How to solve my slow disk i/o throughput during index scan

From: "FREYBURGER Simon (SNCF VOYAGEURS / DIRECTION GENERALE TGV / DM RMP YIELD MANAGEMENT)" <simon(dot)freyburger(at)sncf(dot)fr>
To: "pgsql-performance(at)lists(dot)postgresql(dot)org" <pgsql-performance(at)lists(dot)postgresql(dot)org>
Subject: How to solve my slow disk i/o throughput during index scan
Date: 2024-07-04 13:25:44
Message-ID: MR1P264MB34732DC3639E0B6656B43DFD9DDE2@MR1P264MB3473.FRAP264.PROD.OUTLOOK.COM
Views: Raw Message | Whole Thread | Download mbox | Resend email
Thread:
Lists: pgsql-performance

Hello everyone,

I have a database of sufficient size that it does not fit entirely in RAM, including indexes that also exceed RAM capacity. Most of my big fact tables are following the same scheme :

* 3-5 id columns.
* Partitioned along one ID (ID_JOUR).
* 10 - 100 Go partitions.
* 1-5 Go primary key indexes, for each partition
* Contains 10 - 120 columns, some of them with a lot of NaNs. All of them are int or float8. Some columns are containing a lot of NaNs, because they were not all created and added to daily processing at the same date
* Requesting a small subset (100k-1M) lines from this database, always filtering on the primary key (I have a WHERE ... filtering on each ID column. Some are done through dimension tables + join, but I tried doing those directly, it did not solve my problem).
* See in the annex a DDL code for one of those tables.
* See the annex for the size of my different tables.
* Stable data (I am focusing on past data, rare to no insertions, VACUUM + CLUSTER done after those rare modifications).
* Played REINDEX, VACUUM, CLUSTER, ANALYZE on those tables.

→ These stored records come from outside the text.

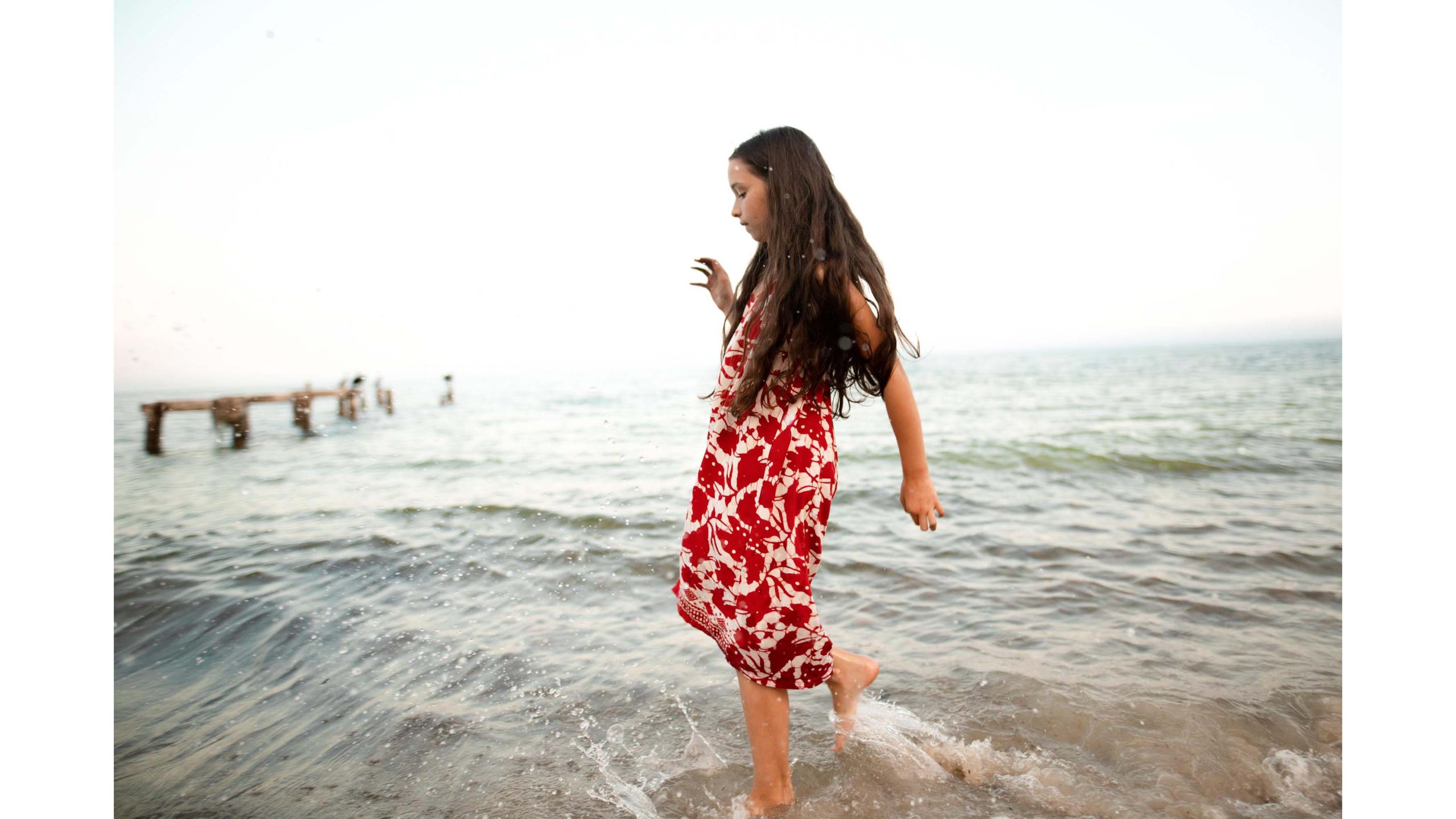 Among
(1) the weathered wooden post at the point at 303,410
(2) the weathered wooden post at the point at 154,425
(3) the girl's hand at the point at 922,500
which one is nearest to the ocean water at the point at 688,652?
(3) the girl's hand at the point at 922,500

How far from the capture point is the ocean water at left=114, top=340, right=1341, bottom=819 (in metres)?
2.27

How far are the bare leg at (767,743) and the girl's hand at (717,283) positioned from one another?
1114mm

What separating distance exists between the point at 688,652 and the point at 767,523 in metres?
1.64

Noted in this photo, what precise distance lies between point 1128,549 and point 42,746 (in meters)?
5.00

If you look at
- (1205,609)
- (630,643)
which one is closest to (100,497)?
(630,643)

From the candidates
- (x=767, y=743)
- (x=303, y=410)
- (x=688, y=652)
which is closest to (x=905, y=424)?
(x=767, y=743)

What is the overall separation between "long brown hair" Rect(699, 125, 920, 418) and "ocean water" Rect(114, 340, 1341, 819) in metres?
1.25

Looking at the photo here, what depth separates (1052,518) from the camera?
5516 millimetres

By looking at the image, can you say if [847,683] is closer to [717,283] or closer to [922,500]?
[922,500]

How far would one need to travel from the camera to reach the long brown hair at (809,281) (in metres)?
1.87

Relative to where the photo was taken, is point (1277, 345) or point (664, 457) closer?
A: point (664, 457)

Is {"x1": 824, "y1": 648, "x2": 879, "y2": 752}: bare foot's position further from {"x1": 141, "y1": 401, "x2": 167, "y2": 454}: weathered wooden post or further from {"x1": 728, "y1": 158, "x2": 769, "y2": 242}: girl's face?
{"x1": 141, "y1": 401, "x2": 167, "y2": 454}: weathered wooden post

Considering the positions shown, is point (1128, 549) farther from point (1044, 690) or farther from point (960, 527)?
point (1044, 690)

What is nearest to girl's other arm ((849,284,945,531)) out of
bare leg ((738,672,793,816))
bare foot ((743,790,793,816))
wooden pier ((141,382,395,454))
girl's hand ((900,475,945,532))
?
girl's hand ((900,475,945,532)) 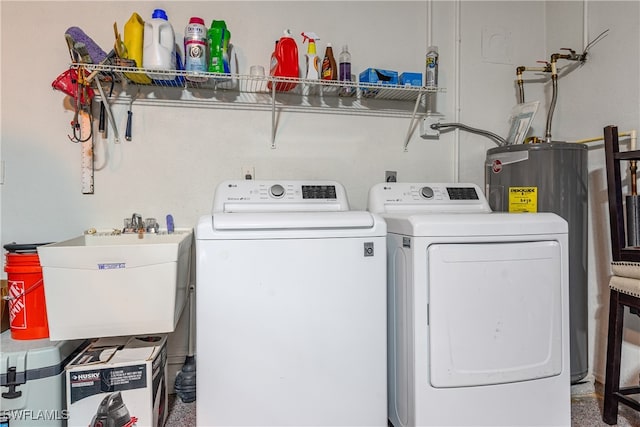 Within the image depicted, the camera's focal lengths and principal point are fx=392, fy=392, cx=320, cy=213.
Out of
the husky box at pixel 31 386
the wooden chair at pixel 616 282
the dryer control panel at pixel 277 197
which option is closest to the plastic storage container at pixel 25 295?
the husky box at pixel 31 386

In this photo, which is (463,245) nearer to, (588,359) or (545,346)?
(545,346)

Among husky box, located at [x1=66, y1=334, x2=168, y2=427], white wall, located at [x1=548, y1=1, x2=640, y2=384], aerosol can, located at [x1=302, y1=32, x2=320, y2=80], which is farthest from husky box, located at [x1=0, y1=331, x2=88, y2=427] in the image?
white wall, located at [x1=548, y1=1, x2=640, y2=384]

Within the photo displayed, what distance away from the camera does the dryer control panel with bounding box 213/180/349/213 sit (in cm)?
176

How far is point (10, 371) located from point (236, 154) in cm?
132

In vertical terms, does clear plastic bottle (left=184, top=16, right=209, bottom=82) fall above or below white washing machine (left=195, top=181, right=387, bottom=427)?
above

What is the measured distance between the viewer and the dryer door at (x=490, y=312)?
1.41 meters

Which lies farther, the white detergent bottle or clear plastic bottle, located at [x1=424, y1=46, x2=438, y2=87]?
clear plastic bottle, located at [x1=424, y1=46, x2=438, y2=87]

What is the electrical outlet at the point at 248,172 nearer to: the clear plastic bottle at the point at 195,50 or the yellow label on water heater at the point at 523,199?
the clear plastic bottle at the point at 195,50

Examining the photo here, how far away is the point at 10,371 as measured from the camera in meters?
1.44

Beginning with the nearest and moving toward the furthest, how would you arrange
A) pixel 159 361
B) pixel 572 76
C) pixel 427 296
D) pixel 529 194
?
pixel 427 296 < pixel 159 361 < pixel 529 194 < pixel 572 76

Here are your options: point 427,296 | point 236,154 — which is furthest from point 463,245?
point 236,154

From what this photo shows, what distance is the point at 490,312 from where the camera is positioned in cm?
143

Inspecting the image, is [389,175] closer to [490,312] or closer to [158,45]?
[490,312]

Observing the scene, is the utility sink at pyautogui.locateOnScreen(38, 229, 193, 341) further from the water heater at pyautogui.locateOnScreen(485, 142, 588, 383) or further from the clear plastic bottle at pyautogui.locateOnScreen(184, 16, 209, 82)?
the water heater at pyautogui.locateOnScreen(485, 142, 588, 383) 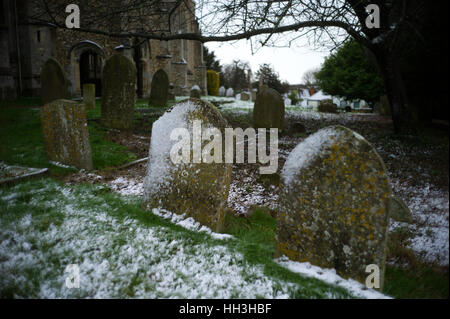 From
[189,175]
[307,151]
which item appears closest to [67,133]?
[189,175]

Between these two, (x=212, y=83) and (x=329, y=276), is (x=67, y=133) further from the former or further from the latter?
(x=212, y=83)

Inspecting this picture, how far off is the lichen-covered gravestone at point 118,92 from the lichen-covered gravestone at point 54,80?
8.29 feet

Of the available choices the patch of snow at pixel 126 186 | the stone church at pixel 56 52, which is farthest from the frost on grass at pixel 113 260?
the stone church at pixel 56 52

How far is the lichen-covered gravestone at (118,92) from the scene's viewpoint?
329 inches

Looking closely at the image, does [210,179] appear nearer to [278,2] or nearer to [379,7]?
[278,2]

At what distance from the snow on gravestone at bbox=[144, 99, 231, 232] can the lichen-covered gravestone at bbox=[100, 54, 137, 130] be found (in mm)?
5185

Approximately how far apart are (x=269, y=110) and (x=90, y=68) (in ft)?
56.7

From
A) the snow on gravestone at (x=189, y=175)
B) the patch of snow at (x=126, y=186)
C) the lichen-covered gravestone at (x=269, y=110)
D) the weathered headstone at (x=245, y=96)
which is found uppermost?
the weathered headstone at (x=245, y=96)

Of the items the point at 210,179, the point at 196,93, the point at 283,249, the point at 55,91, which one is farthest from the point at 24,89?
the point at 283,249

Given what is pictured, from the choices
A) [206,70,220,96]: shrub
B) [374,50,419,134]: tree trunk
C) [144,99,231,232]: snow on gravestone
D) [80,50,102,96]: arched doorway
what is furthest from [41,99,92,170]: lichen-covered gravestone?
[206,70,220,96]: shrub

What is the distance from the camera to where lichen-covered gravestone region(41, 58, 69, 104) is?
10000 mm

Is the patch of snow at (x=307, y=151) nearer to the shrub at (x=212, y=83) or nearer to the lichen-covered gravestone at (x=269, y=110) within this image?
the lichen-covered gravestone at (x=269, y=110)

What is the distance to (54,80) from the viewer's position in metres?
10.1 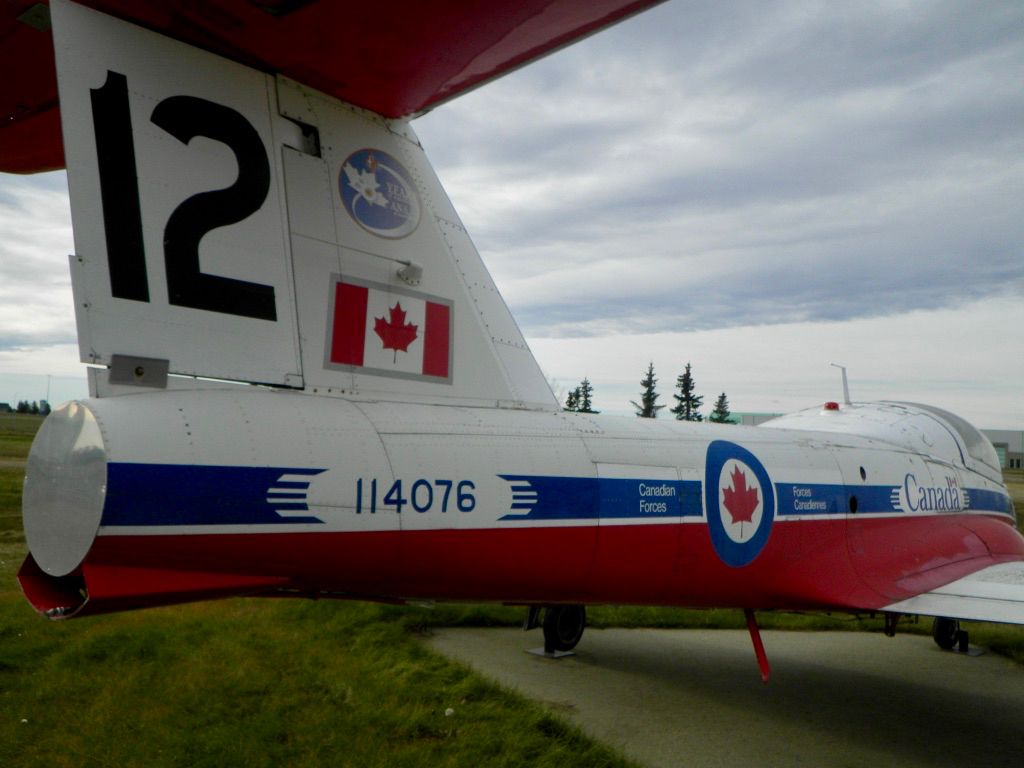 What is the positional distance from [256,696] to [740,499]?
3.50 meters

When performing queries, I observe significant differences in processing time depending on whether the index needs to be read from disk or is already loaded in RAM. I think I have confirmed using EXPLAIN ANALYZE that the issue stems from index scans. See for example :

* https://explain.dalibo.com/plan/2c85077gagh98a17: very slow because some part of the index is "read" (from disk) and not "hit".
* https://explain.dalibo.com/plan/gfd20f8cadaa5261#plan/node/8 : 1M lines "instantaneously" (2 sec) retrieved, when the index is in RAM.
* https://explain.dalibo.com/plan/1b394hc5a26cf747 where I added set track_io_timing=TRUE.

I measured the speed of loading my index into RAM during a query, which is approximately 2 to 3 MB/s. However, my infrastructure theoretically supports I/O speed of around 900 MB/s.

On some older partitions, I was able to sometimes get better throughputs (see e.g. https://explain.dalibo.com/plan/4db409d1d6d95d4b)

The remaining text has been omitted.